» Information shown:
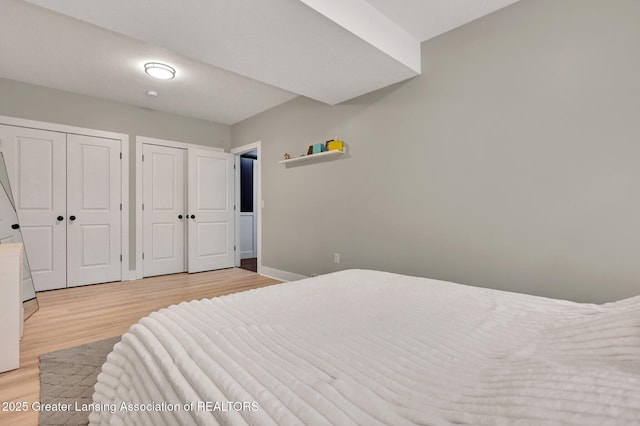 bedroom featuring multiple closets and light wood-type flooring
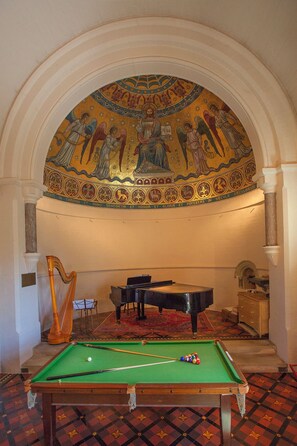 Une pièce équipée d’une table de billard, d’un piano et d’une harpe.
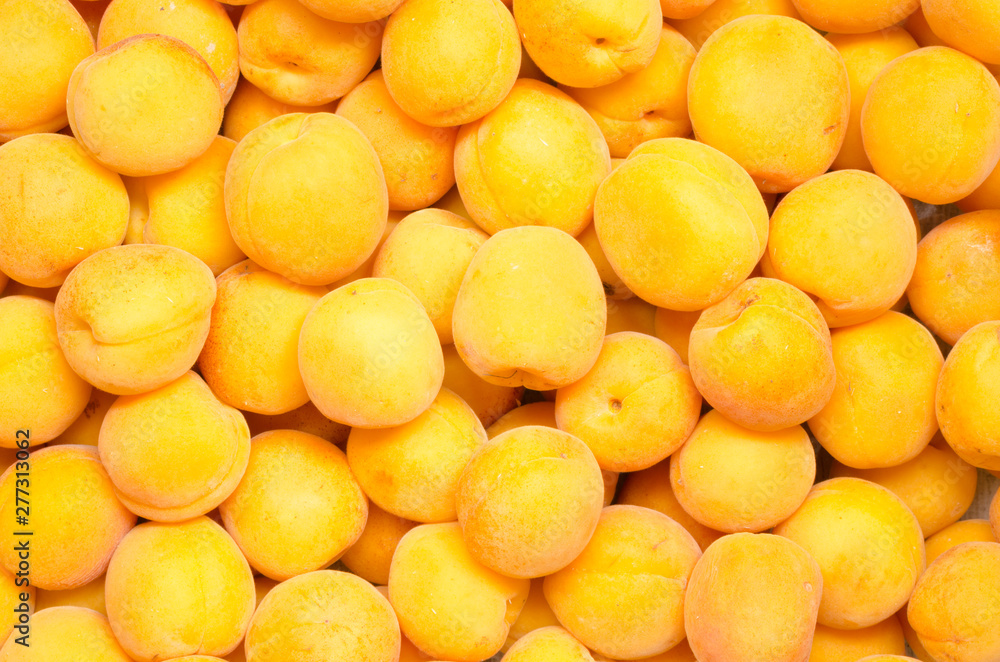 Ripe and delicious apricots background Ripe and delicious apricots background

» Aim of the task:
Please give the data again unaltered, leaving out any images.

» Response:
 bedroom featuring multiple closets and light wood-type flooring
 Une pièce équipée d’une table de billard, d’un piano et d’une harpe.
 Ripe and delicious apricots background Ripe and delicious apricots background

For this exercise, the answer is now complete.